Britain told its EU partners on Wednesday that the EU’s treaties were “not fit for purpose” and there must be reform or it would quit the bloc.
In the latest blast of euroskepticism from Conservatives in Britain’s coalition government, British Chancellor of the Exchequer George Osborne said EU treaties had to be changed to protect member states like his own that do not use the euro.
The comments, made at a conference in London on reform of the 28-nation EU, are unlikely to be embraced by integrationists in Brussels, who want Britain to remain in the bloc, but have become irritated by its demands for change.
European Commission President Jose Manuel Barroso accused countries like Britain that have questioned the bloc’s freedom of movement rules of having a “narrow, chauvinistic idea of the protection” of their interests — an indication of how tough London may find it to win allies.
Osborne, a close ally of British Prime Minister David Cameron, said the treaties that governed how the EU was run were “not fit for purpose” and had to be overhauled.
“Proper legal protection for the rights of non-euro members is ... absolutely necessary to preserve the single market and make it possible for Britain to remain in the EU,” he said.
“If we cannot protect the collective interests of non-eurozone member states, then they will have to choose between joining the euro, which the UK will not do, or leaving the EU,” he added.
A drive for closer integration among the 18 countries that use the single currency was straining the EU’s institutional architecture, he said, a situation he said risked “going beyond what was legally possible or politically sustainable.”
Britain’s Conservatives have long been skeptical about European integration. However, their rhetoric is becoming stronger as they face a challenge in May’s European Parliament elections and beyond from the UK Independence Party, a primarily right-wing group that wants Britain to leave the EU.

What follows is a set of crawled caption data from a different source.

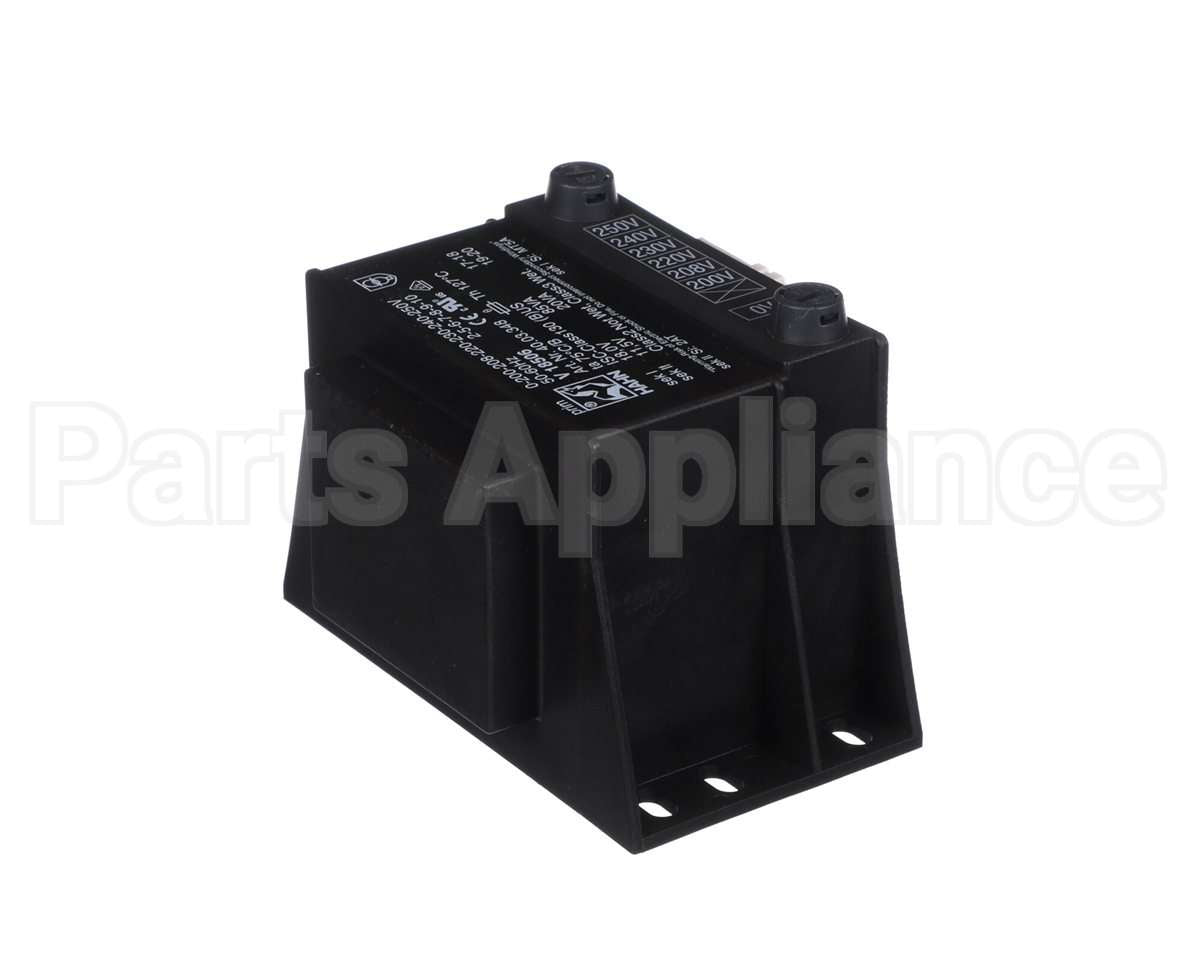87.01.297 Rational Control Transformer T1 With Connector 7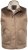 JP1880 851516 Bodywarmer in suèdelook met teddyvoering Beige - Jassen - Grote Maten Herenjassen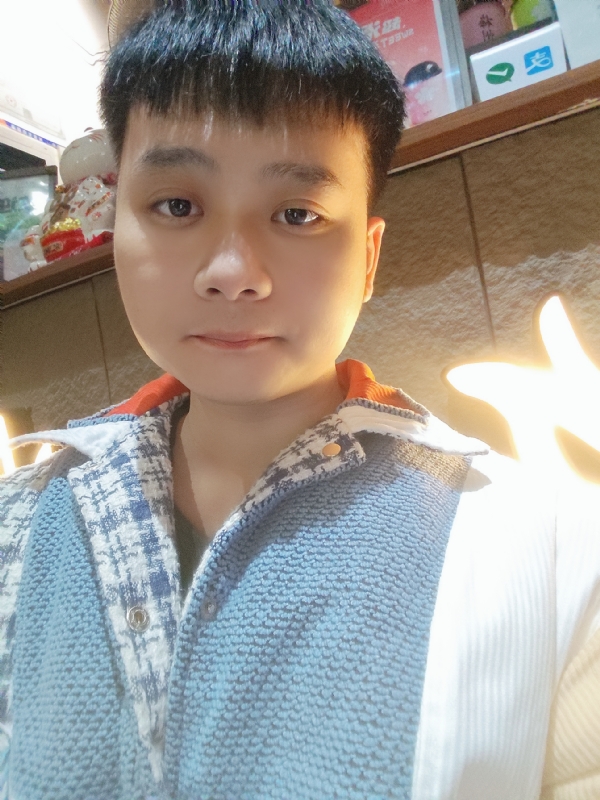 侯侯的第一张照片--合肥相亲服务中心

Cameron has promised that if he is re-elected next year he will try to renegotiate Britain’s EU ties before offering Britons an in/out referendum on membership.
The pledge, made last year, was partly designed to pacify his party’s lawmakers, whose vocal desire to leave the EU or radically dilute its influence over British life risked tearing the party apart and undermining Cameron.

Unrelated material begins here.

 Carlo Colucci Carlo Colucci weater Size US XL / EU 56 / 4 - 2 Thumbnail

It was a strategy that worked for a while, but the same euroskeptics have now begun to demand Cameron do more to counter what they see as the EU’s pernicious influence.
In comments that looked designed to placate them, Osborne said he and Cameron were determined to make good on their EU promises.

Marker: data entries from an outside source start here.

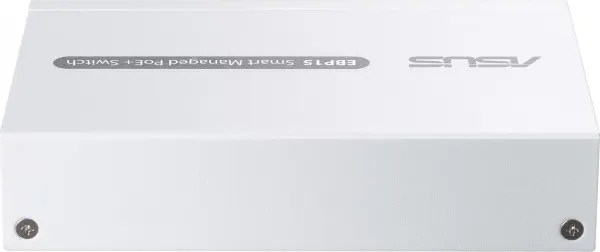 ASUS ExpertWiFi EBP15, Smart Managed PoE+Switch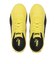 407671　W BELLA MINA SUEDE　03B.M.YELLOW　714465-0001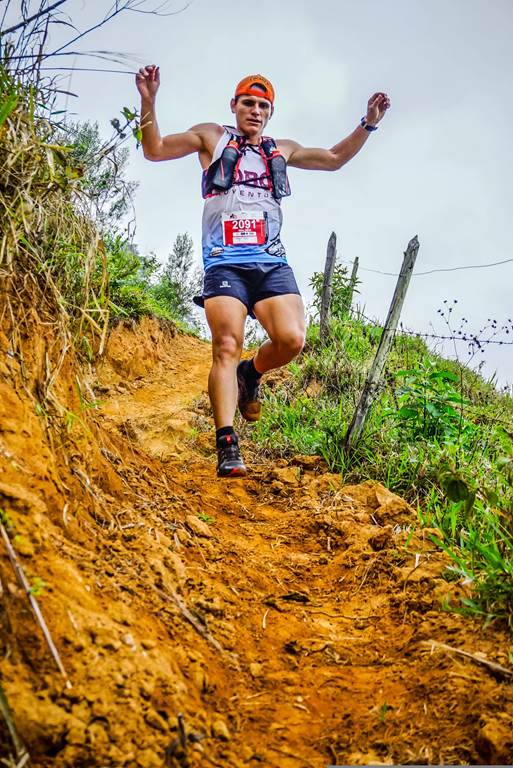 Trail & Challenge VTT Route de Charlemont Givet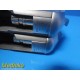 Karl Storz 8401A & 8401B BERCI DCI II Video Laryngoscopes MAC 3 & MAC 4 ~ 31575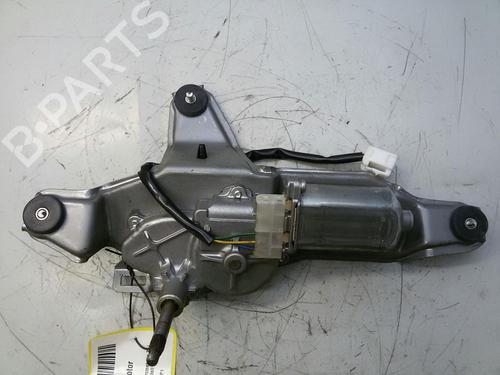 Rear wiper motor SUZUKI GRAND VITARA II (JT, TE, TD) 1.9 DDiS All-wheel Drive (JT419, TD44, JB419WD, JB419XD,... | BP20551650M102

“Our determination is clear: To deliver the reform and then let the people decide,” he said.
“It is the ‘status quo’ which condemns the people of Europe to an ongoing economic crisis and continuing decline. And so there is a simple choice for Europe: reform or decline,” he added.
He reeled off a list of EU financial-market policies which he said Britain was challenging at the European Court of Justice, saying he was constantly forced to fight off damaging EU regulation of the sector.
Many polls have shown a slim majority of Britons — disenchanted with the EU’s red tape and what they view as its overbearing intervention in their everyday lives — would vote to leave the EU if given the chance.
Both pro and anti-EU groups agree any referendum would be close.
The Conservatives have not disclosed all the areas they want to reform, but the general thrust of their demand is that they want Britain and other member states to repatriate powers in policy areas such as immigration and social security.
European Commission Vice-President for Economic and Monetary Affairs Olli Rehn told reporters in Beijing, where he met senior Chinese leaders on yesterday, that he was ready to work with Osborne on EU reform.
“It is very important that the UK is an active partner of the European Union. It is better to focus on reform than repatriation [of powers],” he said.